日別アーカイブ: 2019年9月28日

「サウジ,観光ビザを発給開始」

本日の東京新聞夕刊に,サウジアラビアが観光客を大幅に受け入れるとの記事が掲載されていた。2018年のデータで,日本を訪れた外国人はビジネスも含めて年間で3100万人である。一方,サウジでは2030年に年間1億人の観光客を目指すという。

地理Aの授業で扱いましたが,こうした開放政策の背景には,オイルマネーに依拠する中東諸国の経済政策の変更が影響しています。サウジは数年前までは原油の産出量が世界第1位で,原油価格にも大きな影響力を持っていました。しかし,現在はシェールオイルによって米国が産油国の筆頭となり,世界の原油価格を左右するまでになっています。産油第2位のサウジといえど,原油だけに頼った政治経済政策を行うことができません。

石油や石炭などのエネルギー分野は,地理でも面白いところではありませんが,押さえておくと国際政治や経済が見えやすくなります。受験の有無を問わず,しっかりと学んでください。

「外国籍の1万9654人不就学」

本日の東京新聞朝刊に,全国で6歳から15歳の年齢の外国籍の子ども2万人が学校へ通っていないとの記事が掲載されていた。

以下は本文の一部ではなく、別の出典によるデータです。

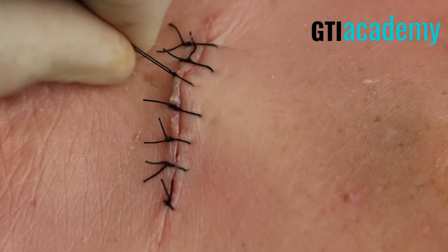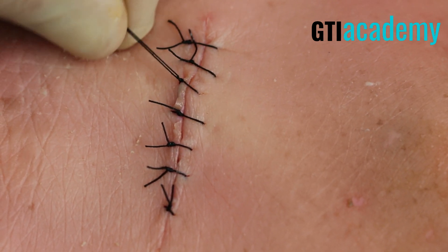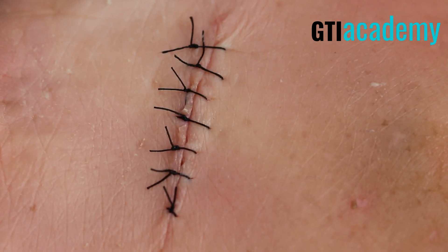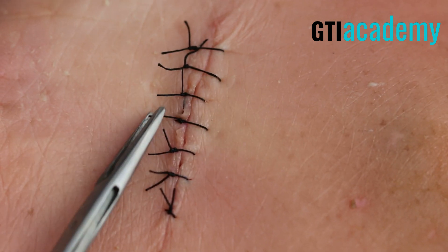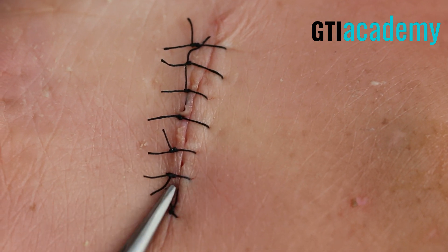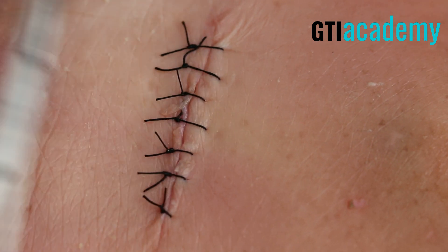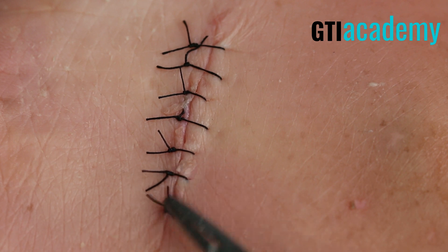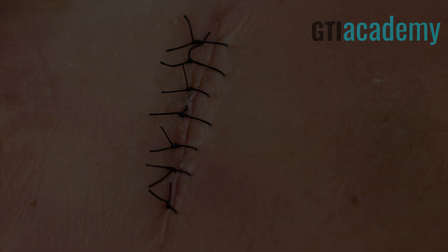Nice and approximated. Notice how equal those free ends on each of the individual sutures are, and also how all the knots are tied on the same side. A little fine tuning here — I'm really looking for approximation of the wound and the sutures all look very nice. Let's complete the simple interrupted suture.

義務教育を管轄する文科省がこうした調査を行い,報告する意義は大きい。
埼玉県でも700名を超える児童生徒が公立の小中学校へ通っていない。本国の中学校を卒業していても,学齢期の生徒ならば小中学校に通って勉強できるので,まずは地元の市役所に相談してほしい。皆さんの周りにもこのような生徒がいたらご連絡ください。

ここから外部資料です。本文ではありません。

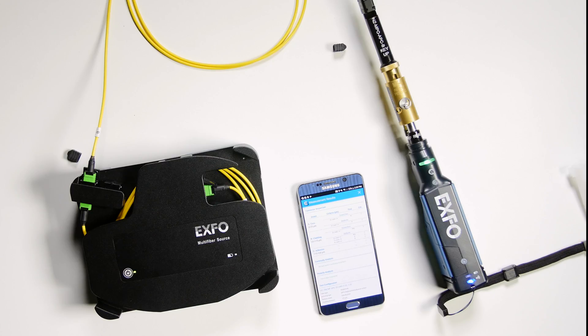As you can see, with a fast and simple test, you can validate the polarity, the continuity, and do the connector inspection of MPO cables using the ConnectorMax multi-fiber source combined with the ConnectorMax fiber inspection probe.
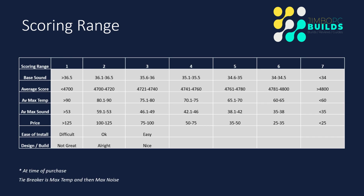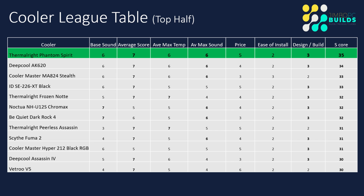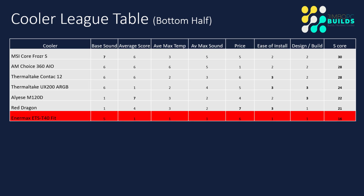The scoring ranges are the same, and if we go to the top half of the table, we have a new league leader for the end of the current season. For Season 1, the Thermalright Phantom Spirit is the champion of the current season — well done to that cooler. Let's see how it does in Season 2. At the bottom of the table there is no change, and after Season 1, the Enermax ETS T40 Fit finishes firmly bottom of the table and will not be included in testing for Season 2.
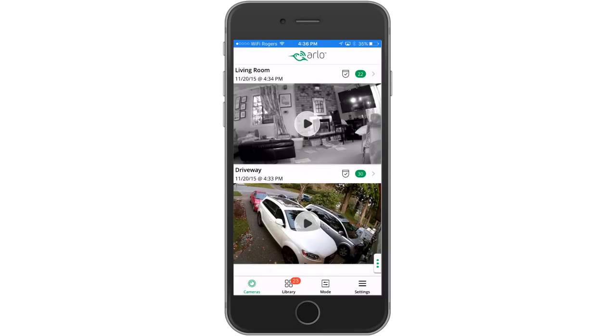In some cases, you may want your indoor cameras off but your outdoor cameras on. For example, from about 5 p.m. to 8 a.m. when you're home from work, you might want to monitor your car in the driveway but not the inside of your home. In this case, it's neither armed or disarmed, but Arlo is here to help.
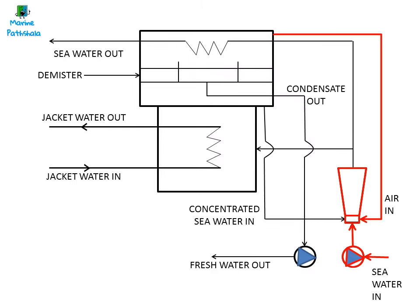The ejector pump supplies seawater to the ejector, which sucks in air and creates vacuum in the generator. The ejector also supplies seawater to the evaporator. The jacket cooling water from the main engine heats up the water and the water evaporates, and vapor goes up to the condenser, leaving behind the salts. The demister traps water trying to rise with the vapor.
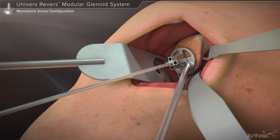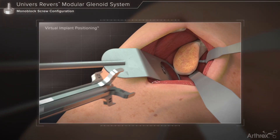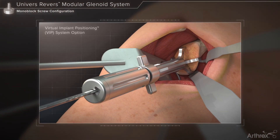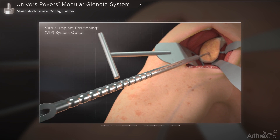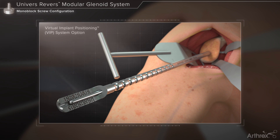A determination of the central screw length can be made by noting the laser marking on the pin shaft. Alternatively, those using the virtual implant positioning system may orient the guide wire using the VIP glenoid targeter for enhanced accuracy. Measurement of the guide wire depth in the glenoid as it relates to central post or screw length may be determined through the use of the guide wire depth gauge.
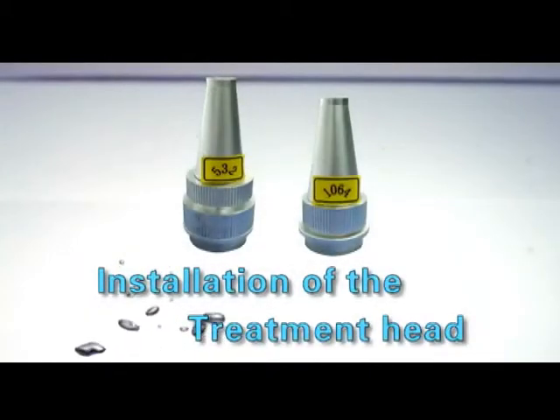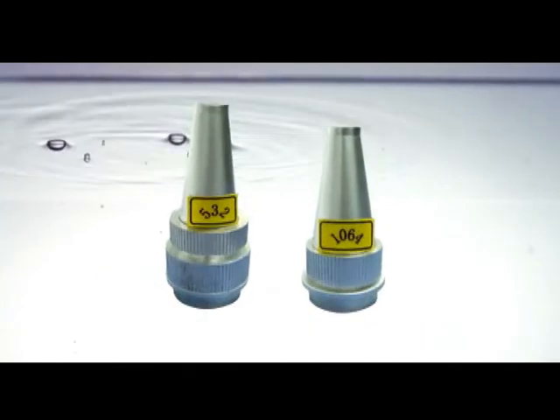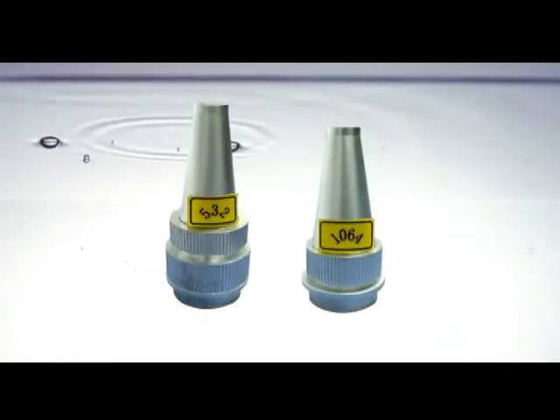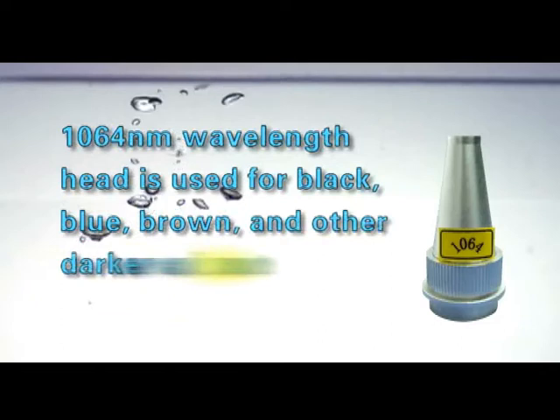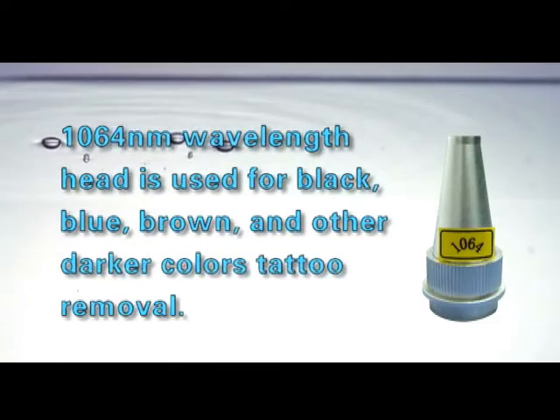Installation of the treatment head: the laser machine has two treatment heads — the 1064 nanometer head and the 532 nanometer head. The 1064 nanometer wavelength head is used for black, blue, brown, and other darker color tattoo removal.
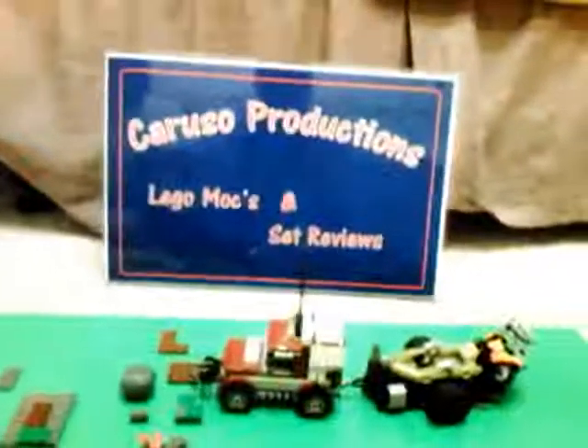Hello, this is Caruso Productions with our very first custom set. We will be doing more of these in the future. This one is the Survivalist and Off-Roader Set.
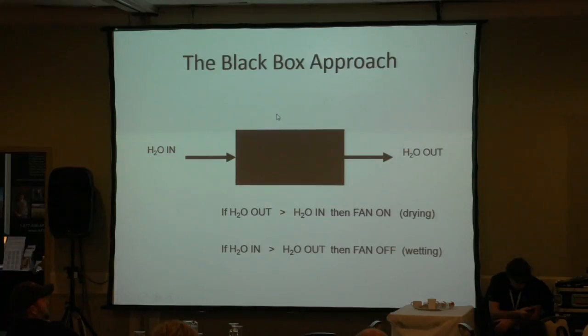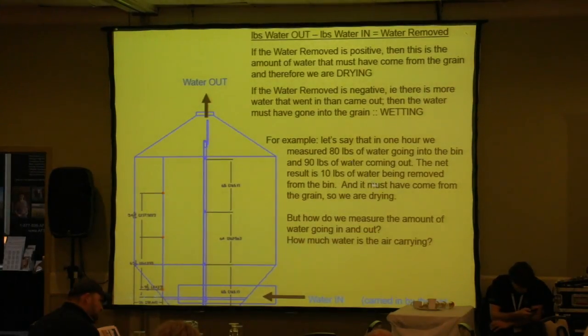The next idea: forget vapor pressure and treat the bin as a black box — an old engineering trick. Just look at what's going in and what's coming out. I don't care about individual kernels; I care about the whole bin. Are we drying or wetting? If there's more water coming out than going in, we must be drying; if more water is going in than coming out, we must be wetting. For example: if we measured 80 pounds of water going into the bin and 90 pounds coming out, there's 10 pounds of water coming out of the grain.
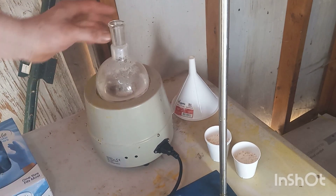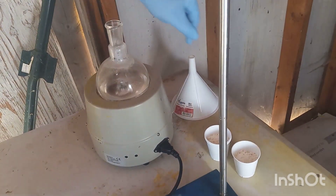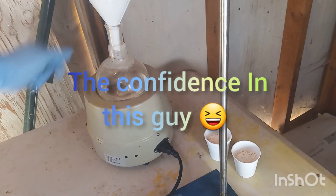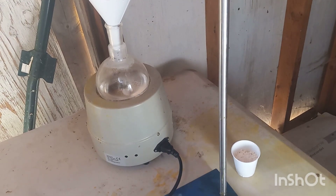So this is our reaction mixture and let's get her started. Let's just add a little and see what happens.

大学の教職課程で「教育基本法」を学びます。日本史の授業でも扱いましたが,戦後の教育の根幹を定めた法律です。日本国憲法とセットで制定されました。
その第4条に「すべて国民は、ひとしく、その能力に応じた教育を受ける機会を与えられなければならず、人種、信条、性別、社会的身分、経済的地位又は門地によって、教育上差別されない」とあります。国籍はこの中の「社会的身分」に相当します。国籍や保護者の立場の如何を問わず,十全な教育環境を整備していくことが,公立学校の果たす義務となります。